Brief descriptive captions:

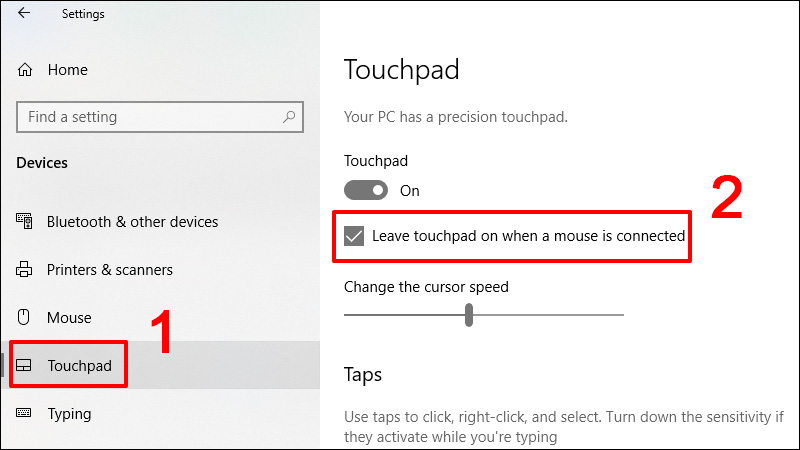 Tick bỏ chọn mục Leave touchpad on when a mouse is connected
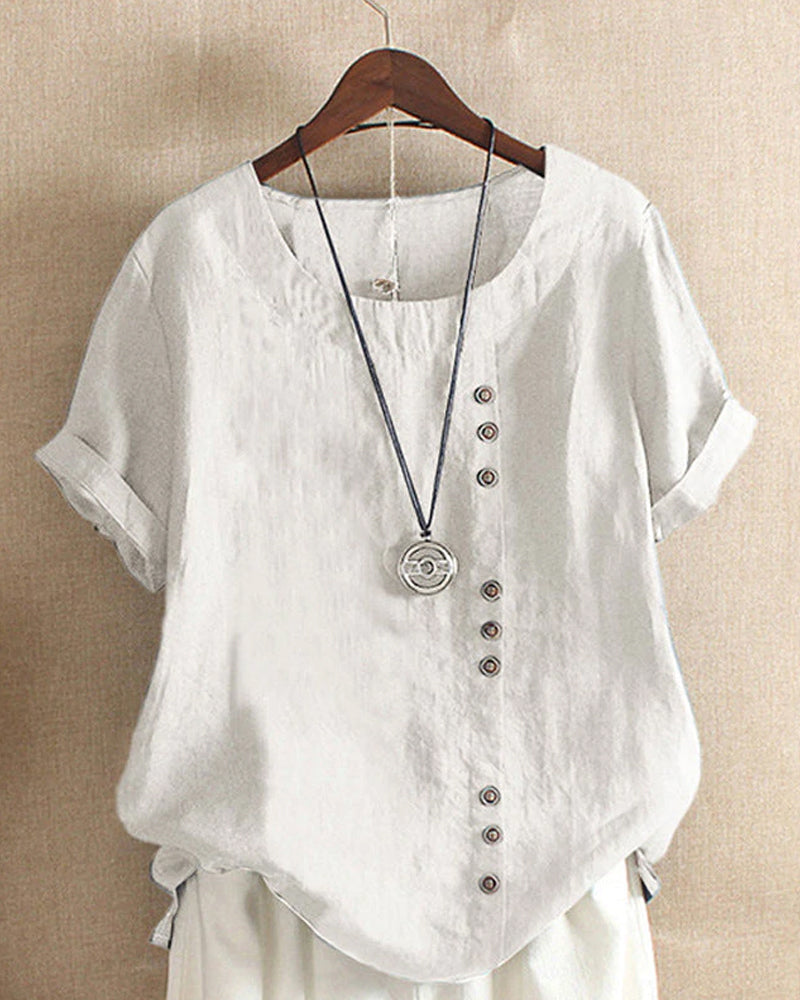 Blusa feminina elegante de manga curta, gola redonda. Roupa versátil para o dia a dia, em várias cores.
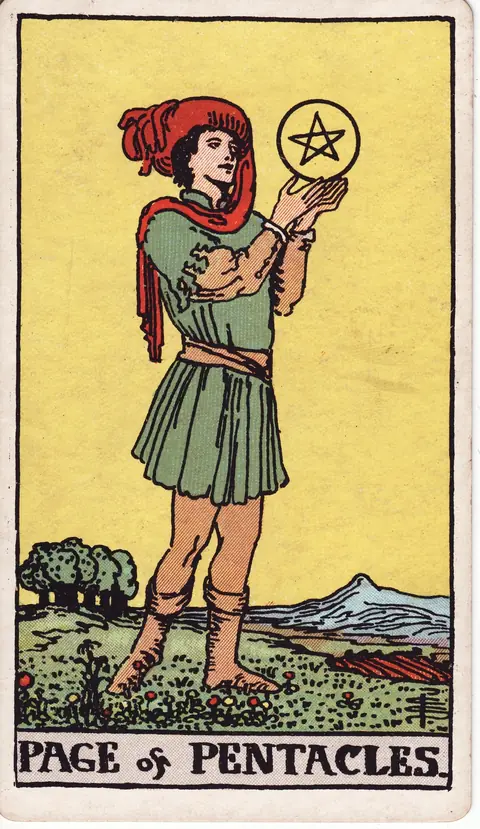 A young page in green clothing and red headwear studies a golden pentacle in a meadow, with trees, cultivated land and blue mountains behind him.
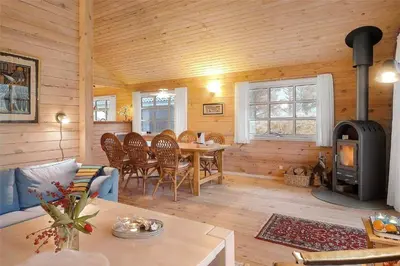 a living room with a table and a wood stove at BL1788-Blokhus-Gyvelvej-21 in Blokhus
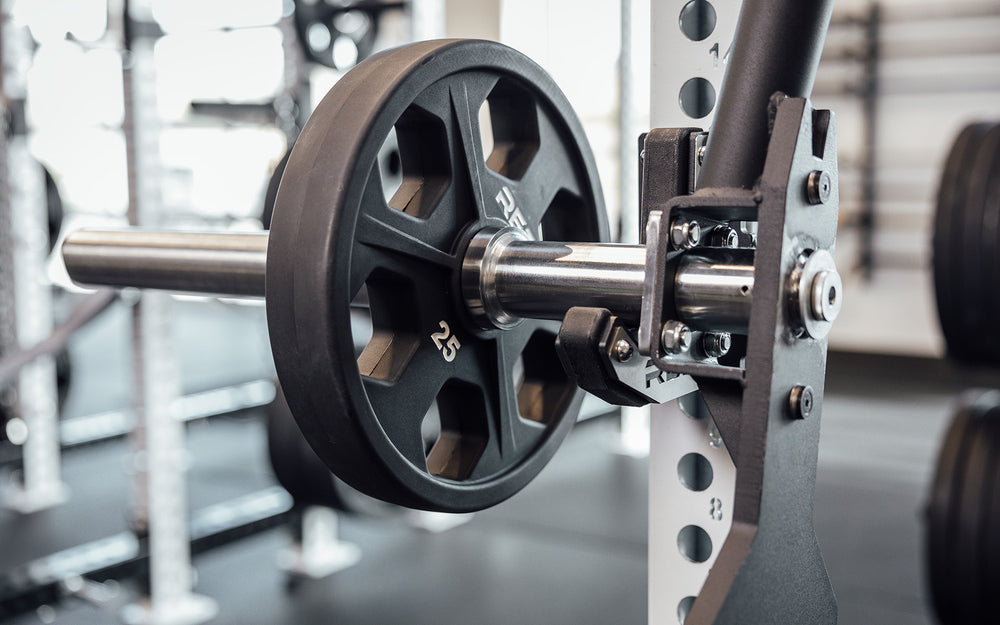 Close up of a racked REP Open Trap Bar sleeve with a 25lb plate loaded.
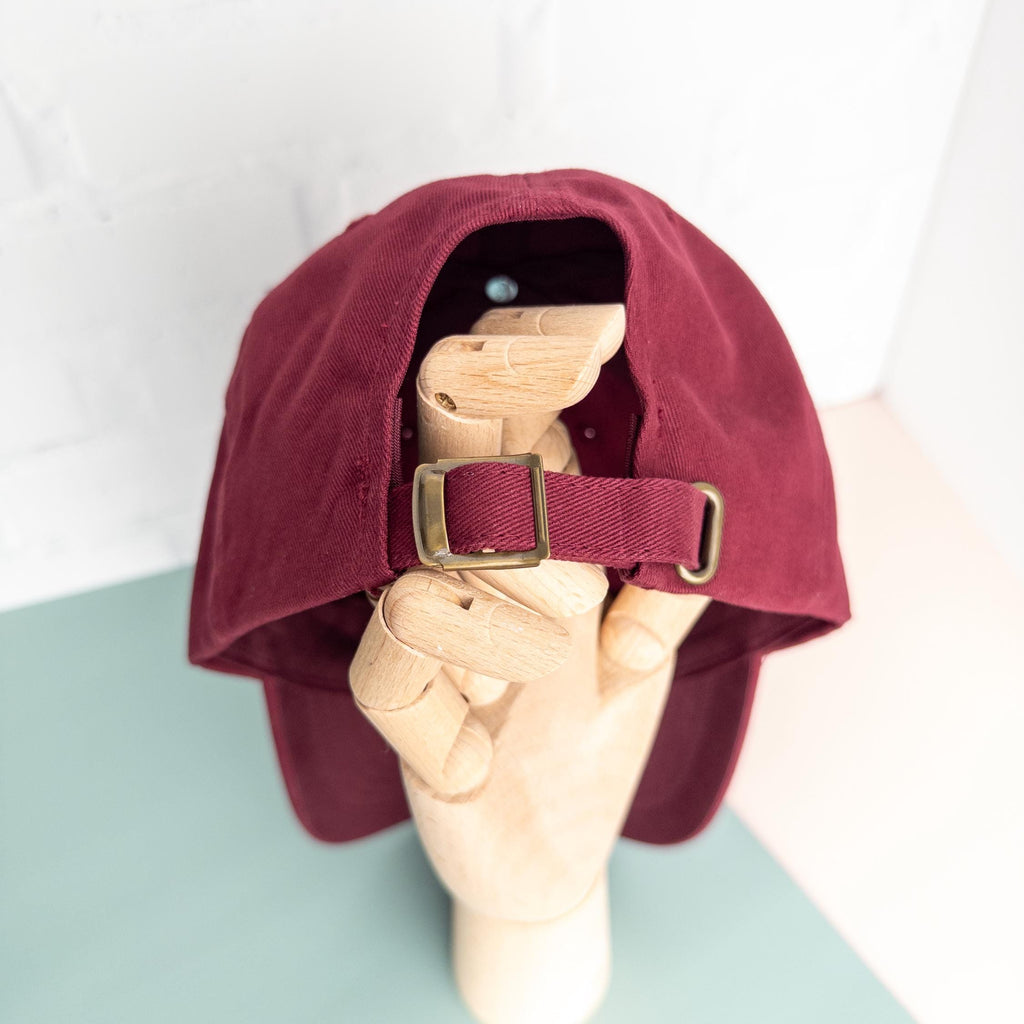Maroon cap with a strap held by a hand on a light green surface.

## Goal of the exercise
In the records above, transcribe exactly the lines from the one containing "Close up of" through the last line, both included, and skip the pictures.

## Problem solution
 Close up of a racked REP Open Trap Bar sleeve with a 25lb plate loaded.
Maroon cap with a strap held by a hand on a light green surface.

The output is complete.